* What you should do:
Within the data below, copy each line where the string "Digital" is found.

---

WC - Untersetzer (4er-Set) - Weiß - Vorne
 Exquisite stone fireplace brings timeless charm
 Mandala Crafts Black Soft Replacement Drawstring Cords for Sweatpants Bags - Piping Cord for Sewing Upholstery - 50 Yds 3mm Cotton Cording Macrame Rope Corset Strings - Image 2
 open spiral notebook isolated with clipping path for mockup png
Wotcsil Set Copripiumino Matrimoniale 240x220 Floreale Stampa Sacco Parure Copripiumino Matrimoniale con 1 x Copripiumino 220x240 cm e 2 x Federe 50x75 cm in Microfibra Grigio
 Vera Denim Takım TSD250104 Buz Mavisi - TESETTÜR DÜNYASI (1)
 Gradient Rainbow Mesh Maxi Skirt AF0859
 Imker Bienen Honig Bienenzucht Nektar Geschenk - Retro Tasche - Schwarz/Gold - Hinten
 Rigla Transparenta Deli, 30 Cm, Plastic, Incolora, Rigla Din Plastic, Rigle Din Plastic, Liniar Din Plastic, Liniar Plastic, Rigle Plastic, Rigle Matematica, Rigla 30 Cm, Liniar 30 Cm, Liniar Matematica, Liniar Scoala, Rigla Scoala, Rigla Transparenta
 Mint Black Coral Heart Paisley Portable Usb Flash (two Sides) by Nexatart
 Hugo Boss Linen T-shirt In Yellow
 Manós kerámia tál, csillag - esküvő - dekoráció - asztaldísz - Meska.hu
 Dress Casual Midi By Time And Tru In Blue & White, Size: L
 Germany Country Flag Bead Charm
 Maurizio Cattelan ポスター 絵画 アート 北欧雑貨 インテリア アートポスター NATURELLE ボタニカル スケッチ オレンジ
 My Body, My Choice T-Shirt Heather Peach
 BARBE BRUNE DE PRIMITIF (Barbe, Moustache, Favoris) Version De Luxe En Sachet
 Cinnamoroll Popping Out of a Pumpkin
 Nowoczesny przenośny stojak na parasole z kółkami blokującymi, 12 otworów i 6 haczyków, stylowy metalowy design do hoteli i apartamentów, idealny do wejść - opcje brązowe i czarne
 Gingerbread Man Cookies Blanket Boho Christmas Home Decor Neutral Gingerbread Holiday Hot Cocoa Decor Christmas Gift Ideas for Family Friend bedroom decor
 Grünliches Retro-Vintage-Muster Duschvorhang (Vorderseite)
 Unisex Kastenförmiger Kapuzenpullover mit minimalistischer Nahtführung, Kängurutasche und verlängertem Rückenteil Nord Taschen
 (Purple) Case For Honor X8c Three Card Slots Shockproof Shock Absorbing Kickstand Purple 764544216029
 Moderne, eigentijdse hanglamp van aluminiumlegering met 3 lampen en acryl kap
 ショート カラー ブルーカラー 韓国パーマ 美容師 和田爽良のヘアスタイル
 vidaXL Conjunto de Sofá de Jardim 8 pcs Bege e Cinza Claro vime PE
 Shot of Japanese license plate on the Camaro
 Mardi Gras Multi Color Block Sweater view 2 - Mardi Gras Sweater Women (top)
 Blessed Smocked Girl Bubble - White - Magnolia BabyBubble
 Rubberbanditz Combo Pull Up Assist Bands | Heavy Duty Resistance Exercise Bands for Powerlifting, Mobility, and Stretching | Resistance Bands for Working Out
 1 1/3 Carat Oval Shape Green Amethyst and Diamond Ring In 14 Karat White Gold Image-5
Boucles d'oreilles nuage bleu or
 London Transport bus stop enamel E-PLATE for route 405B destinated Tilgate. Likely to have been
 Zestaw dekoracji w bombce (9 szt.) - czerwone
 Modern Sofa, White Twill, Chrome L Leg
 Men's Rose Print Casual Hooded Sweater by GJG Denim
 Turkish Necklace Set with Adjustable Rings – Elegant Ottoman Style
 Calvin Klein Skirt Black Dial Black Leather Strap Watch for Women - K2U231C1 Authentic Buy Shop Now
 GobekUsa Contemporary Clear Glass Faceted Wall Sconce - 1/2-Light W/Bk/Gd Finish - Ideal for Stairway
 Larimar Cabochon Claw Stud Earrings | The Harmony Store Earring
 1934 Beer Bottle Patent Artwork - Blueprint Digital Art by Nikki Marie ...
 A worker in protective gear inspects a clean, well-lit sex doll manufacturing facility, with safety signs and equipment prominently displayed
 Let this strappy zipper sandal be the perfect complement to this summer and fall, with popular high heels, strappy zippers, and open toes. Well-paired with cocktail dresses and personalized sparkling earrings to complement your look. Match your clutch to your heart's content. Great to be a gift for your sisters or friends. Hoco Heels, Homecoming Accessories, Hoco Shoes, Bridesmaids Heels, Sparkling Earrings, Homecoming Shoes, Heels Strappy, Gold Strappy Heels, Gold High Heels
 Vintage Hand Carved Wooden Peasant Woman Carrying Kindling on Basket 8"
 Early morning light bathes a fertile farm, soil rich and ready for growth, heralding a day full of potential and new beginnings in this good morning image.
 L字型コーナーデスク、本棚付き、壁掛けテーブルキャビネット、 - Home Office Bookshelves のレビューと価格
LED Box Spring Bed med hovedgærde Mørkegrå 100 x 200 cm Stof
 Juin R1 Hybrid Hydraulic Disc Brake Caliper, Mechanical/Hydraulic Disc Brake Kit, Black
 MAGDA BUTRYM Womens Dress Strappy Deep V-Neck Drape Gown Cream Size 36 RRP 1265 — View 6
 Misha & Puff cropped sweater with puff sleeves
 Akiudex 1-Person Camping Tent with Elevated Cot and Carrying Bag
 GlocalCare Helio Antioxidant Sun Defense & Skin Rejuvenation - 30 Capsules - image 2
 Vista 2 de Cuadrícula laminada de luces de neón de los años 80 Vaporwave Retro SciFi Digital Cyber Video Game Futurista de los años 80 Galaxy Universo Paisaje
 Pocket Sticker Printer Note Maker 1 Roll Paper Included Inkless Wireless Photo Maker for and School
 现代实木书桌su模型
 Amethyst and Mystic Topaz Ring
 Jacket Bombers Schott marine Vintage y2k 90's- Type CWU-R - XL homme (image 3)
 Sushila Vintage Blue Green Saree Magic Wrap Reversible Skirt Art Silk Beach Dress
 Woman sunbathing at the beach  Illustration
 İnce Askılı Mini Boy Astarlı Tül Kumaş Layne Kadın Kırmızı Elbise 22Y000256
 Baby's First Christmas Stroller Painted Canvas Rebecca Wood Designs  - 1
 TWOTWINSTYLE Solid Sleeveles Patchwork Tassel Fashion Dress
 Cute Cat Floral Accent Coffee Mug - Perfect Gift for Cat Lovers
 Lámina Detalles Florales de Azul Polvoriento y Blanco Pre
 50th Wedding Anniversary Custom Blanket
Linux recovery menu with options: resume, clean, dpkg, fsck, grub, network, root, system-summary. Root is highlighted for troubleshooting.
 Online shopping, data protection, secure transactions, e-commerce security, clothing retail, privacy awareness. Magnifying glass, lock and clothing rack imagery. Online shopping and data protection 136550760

---

* Written answer:
 1934 Beer Bottle Patent Artwork - Blueprint Digital Art by Nikki Marie ...
 Vista 2 de Cuadrícula laminada de luces de neón de los años 80 Vaporwave Retro SciFi Digital Cyber Video Game Futurista de los años 80 Galaxy Universo Paisaje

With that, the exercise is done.